I'll agree on several counts (as a physicist too!):
* Rust's tooling lets you have a base-floor of what is acceptable code that is much more palatable than non-top tier Julia codes. There's a world of difference opening a random crate's code in Rust that has been linted/clippy'd/check'd by the compiler rather than a random Julia package that a coworker/colleague just fired up. This tooling is getting better and better in Julia and I'd be interested to hear which Julia projects you worked on were really hampered by TTFX and refactoring woes. Hard agree on the footguns - I want the VSCode plugin to be better at detecting dead code, it cost me weeks on a project lately.
* I'm also excited for some notion of interfaces to come to Julia. Perhaps it will be a 2.0 thing, but there's still lots of design stuff to figure out.
* We have different understandings of "productive" for different focii then - I still find it painful to do the equivalent of `rand(1:10, (20, 20))` in Rust and I can get STEM people to be productive with Julia before you can even finishing saying "borrowchecker".
The nicest way to avoid the "oh a lot of boilerplate!"-problem with implementing "Add" for a custom type is by using the "derive-more"-crate. Then you simply put a "#[derive(Add)" above your struct. That was the initial reason I switched to Rust myself: because I was writing a dynamical systems solver in C++ and had to overload arithmetic operators for my state-struct. But doing this was so complicated and I never felt sure of it performance wise (what if one side is a reference? And so on).
In rust I have a macro and don't have to ever worry about that again.
That's not really the case. For loops are certainly less common compared to C, but they are completely fine to use. Forcing every loop into an iterator-chain style can sometimes be more confusing.
Not to mention doing for-iterations with early exits. Yes, you can use try_fold, but if I'm not writing generic iterator library code, I'd prefer explicit for in cases like this.
> writing Fortran-ey code instead of iterators will lead to pain and slower loops.
No it won't. At least not in the general case. Not to mention that iterators also have performance footguns that are pretty easy to trigger.

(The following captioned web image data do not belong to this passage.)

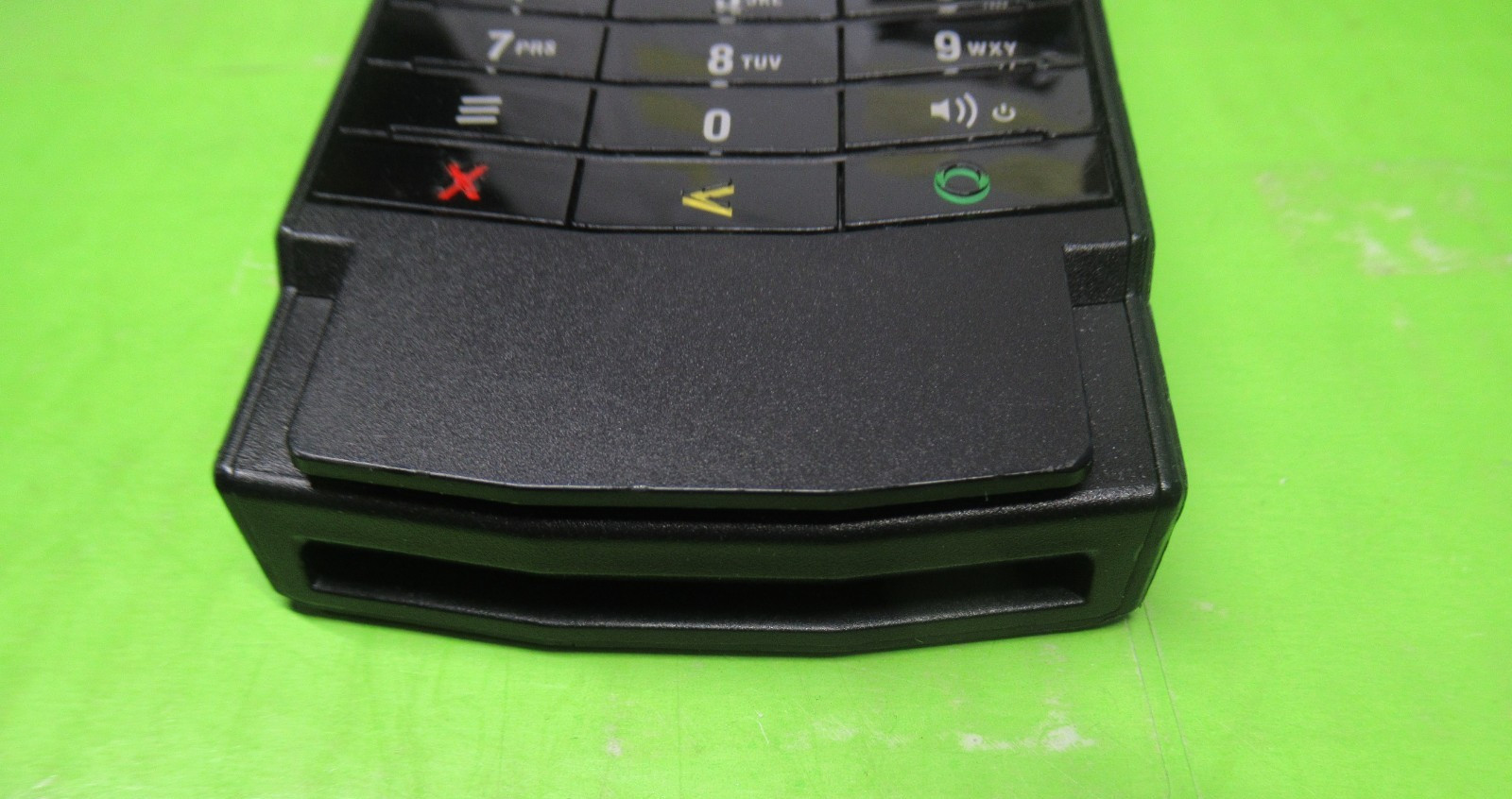 EQUINOX Luxe 6200m WLAN Handheld Credit Card Reader without AC Adapter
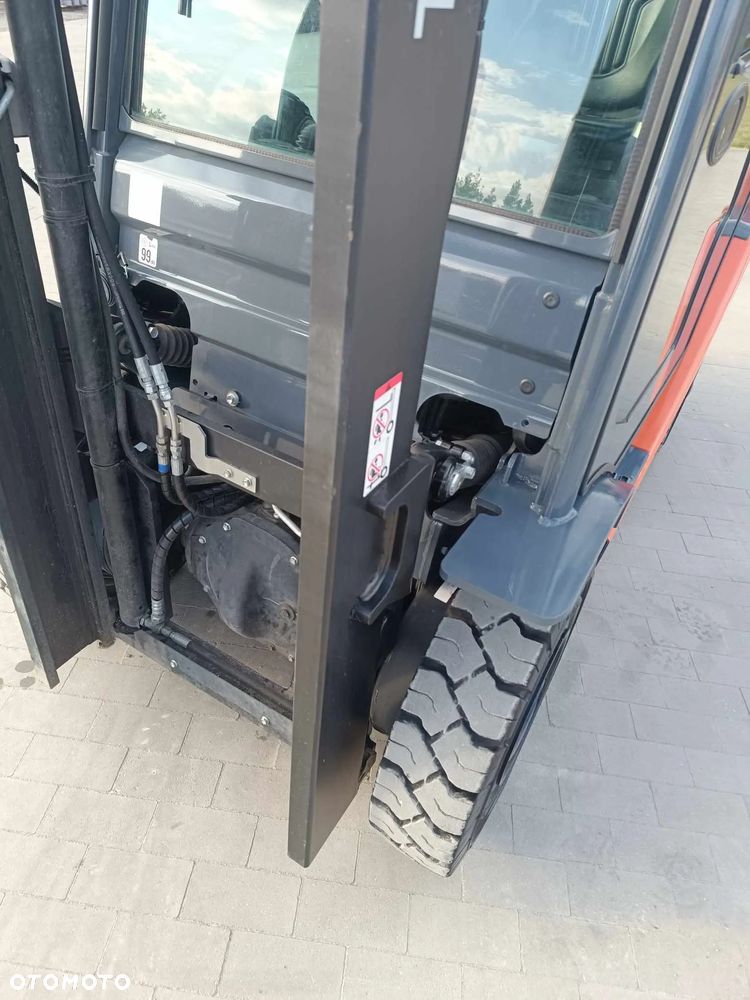 Toyota 8FG25 Kabina 2023 rok benzyna/gaz opony superelastyczne jak NOWY - 13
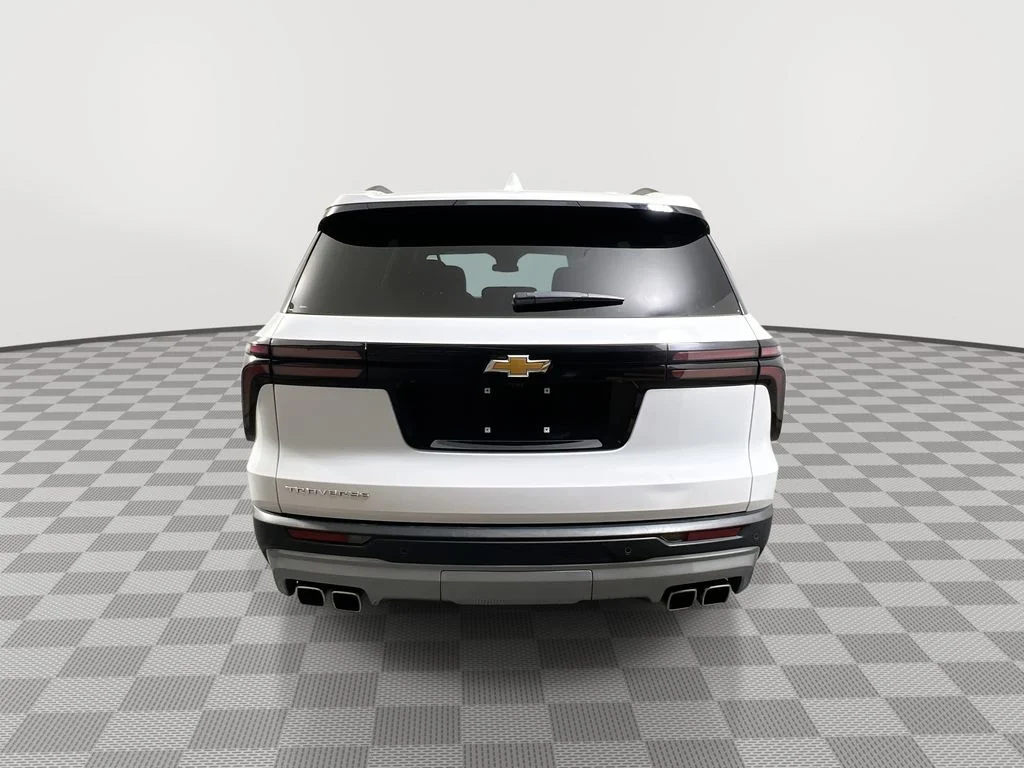 Used 2025 White Chevrolet LT image 7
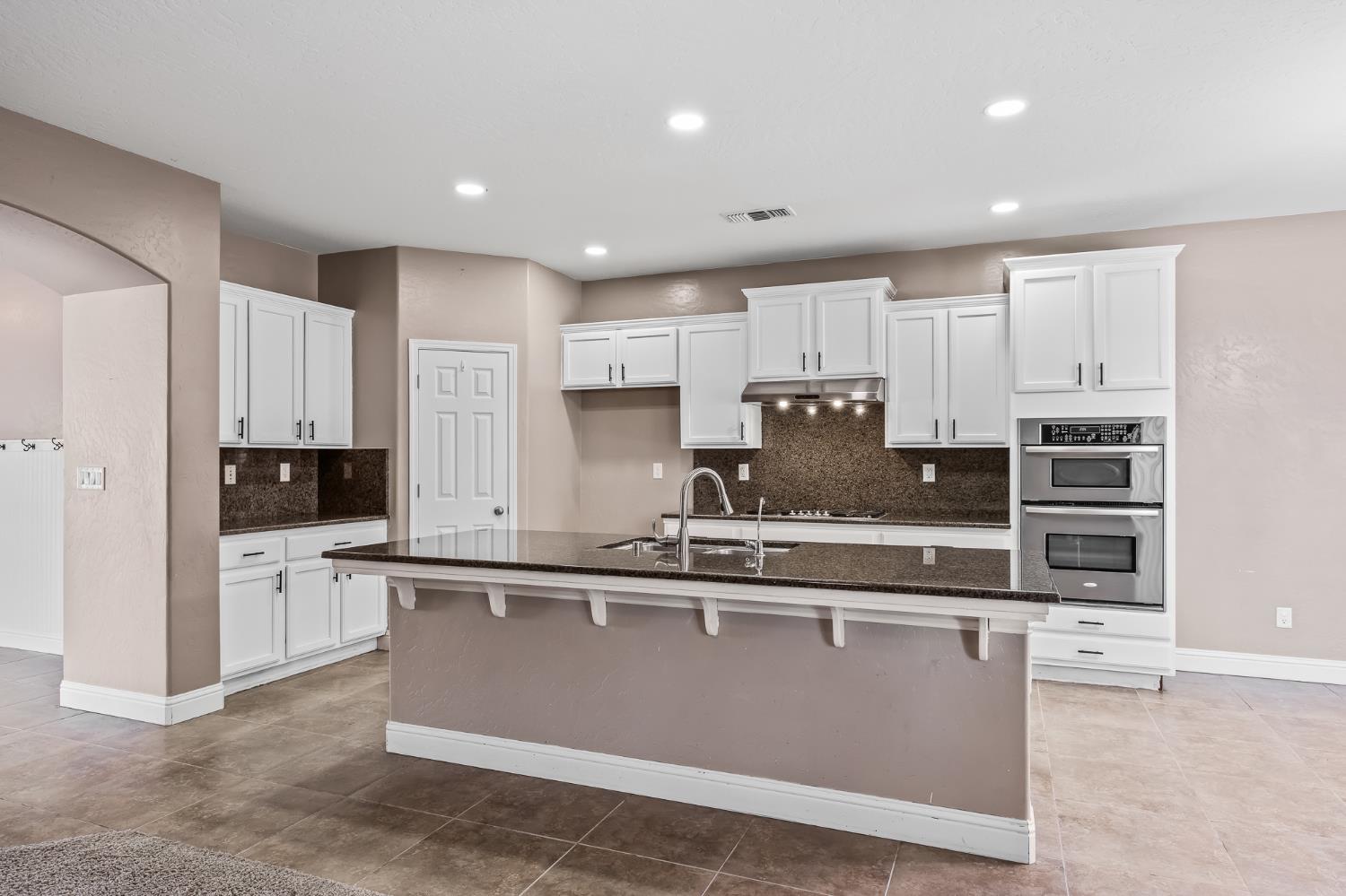 5848 E Platt Ave, Fresno, CA 93727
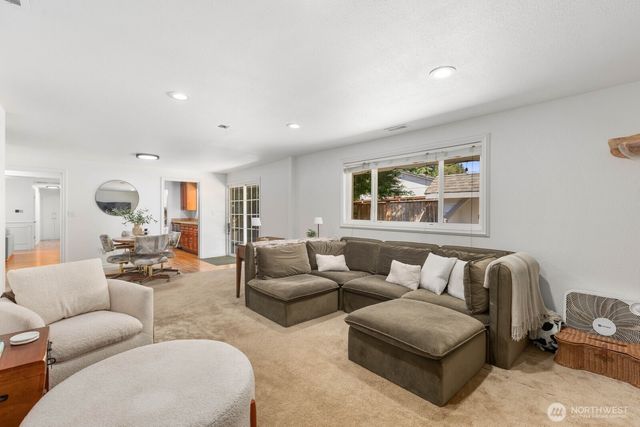 606 Crest Avenue, Kent, WA 98030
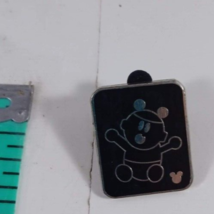 WDW 2008 Disney Hidden Mickey Family Car Decal Baby W/ Mickey Ears Mystery Pin - £11.69 GBP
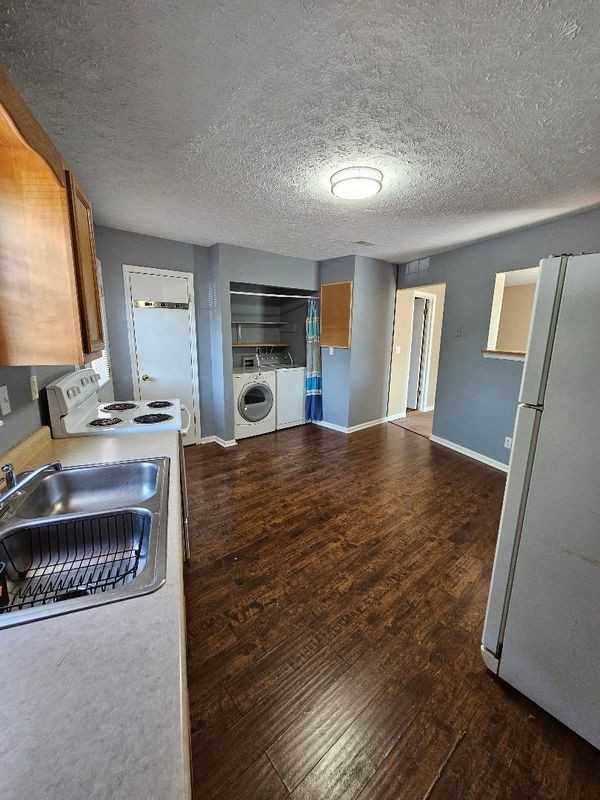104 W Main St - Photo 3 of 6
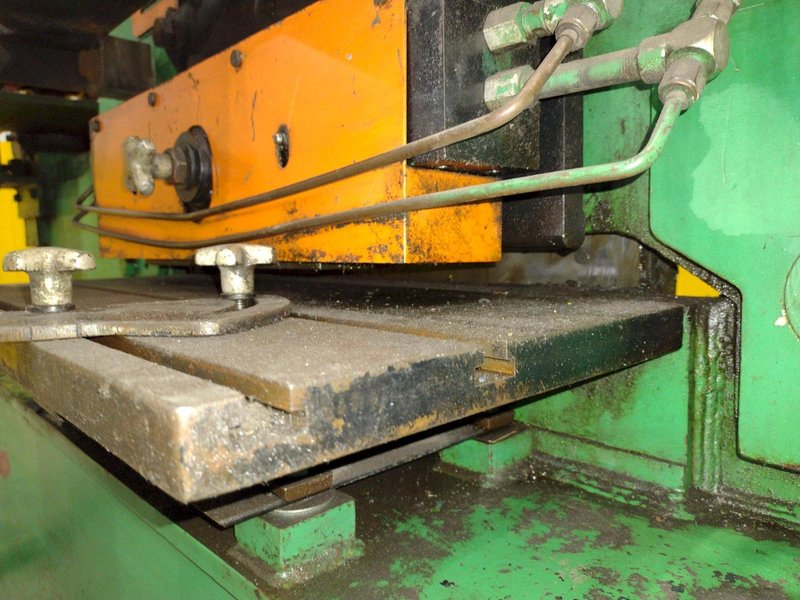 105 TON HILL ACME MODEL #6A HYDRAULIC IRONWORKER W/ CLAMPING: STOCK #22832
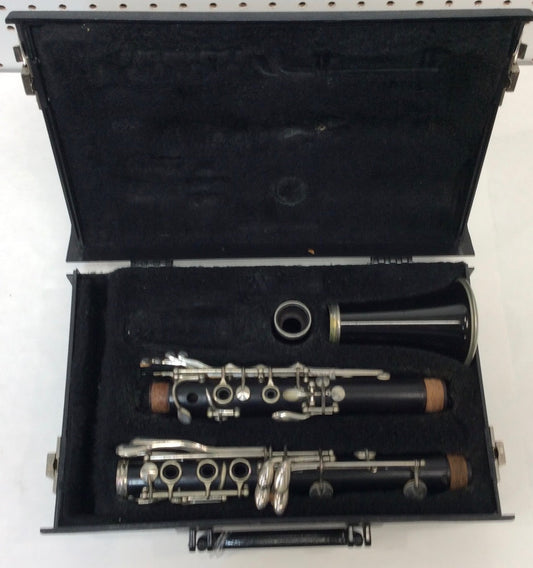 Pre-owned Selmer Bundy Clarinet - serviced & ready to play - F699 - Fornaszewski Music Store, Granite City IL 62040 - www.stanf.com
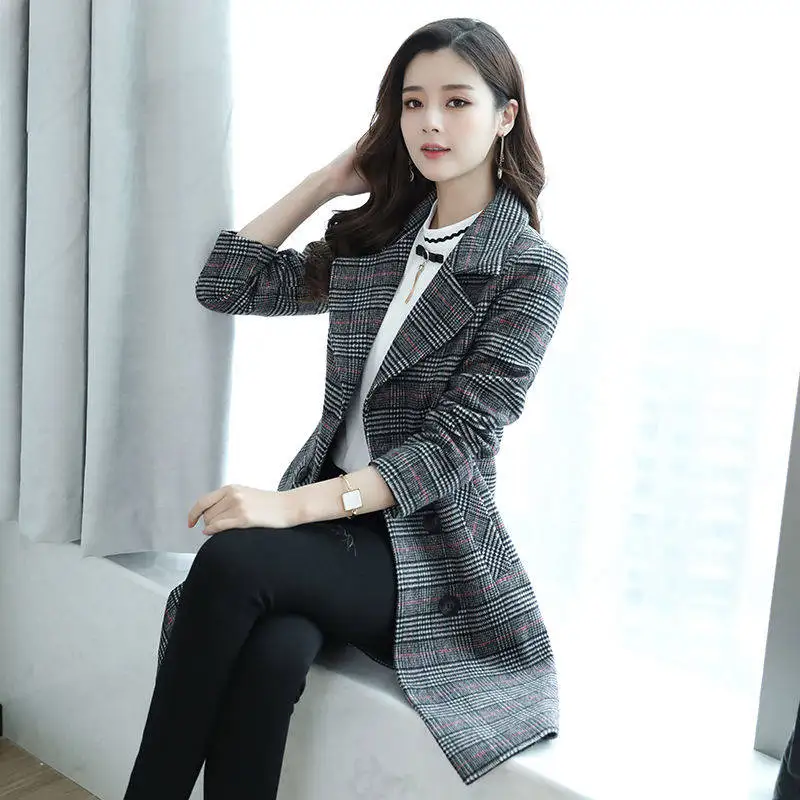 Осеннее и зимнее длинное шерстяное жаккардовый клетчатый корейский вариант свободного зимнего модного повседневного женского уличного толстого пальто с пряжкой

>That's not really the case. For loops are certainly less common compared to C, but they are completely fine to use. Forcing every loop into an iterator-chain style can quickly become an unreadable mess.
There is the "for" expression, but that does not give you a C-style "for" loop. It gives you something akin to a "foreach" you might see in Java, C#, Go, etc.
I think that's bit too pedantic. Most people in the Rust community refer to for expressions as for loops (including the book).
It's especially odd to point out this language detail, because for expressions always return the unit type. So it's not like you can do something with the return value (unlike loop expression, which can evaluate to one of its break expressions).
Sure, but that's kind of beside the point I was making.
The author was contrasting loops - an imperative construct (which both C-style for and iterator-based for are examples of) - to the functional style of chaining iterator functions, adapters & reductions and passing closures around.
FWIW I agree with you, it's just that I was trying to make a distinction between imperative and functional style in Rust (just like the author was trying to do) - not literally claiming Rust has C-style for loops.
> For loops are not idiomatic in Rust - writing Fortran-ey code instead of iterators will lead to pain and slower loops. Spending time reading the examples in the iterator docs and the community solutions in the exercisms will help a lot.
I think they are talking about C style for loops or Fortran style do loops, they explicitly contrast against iterators.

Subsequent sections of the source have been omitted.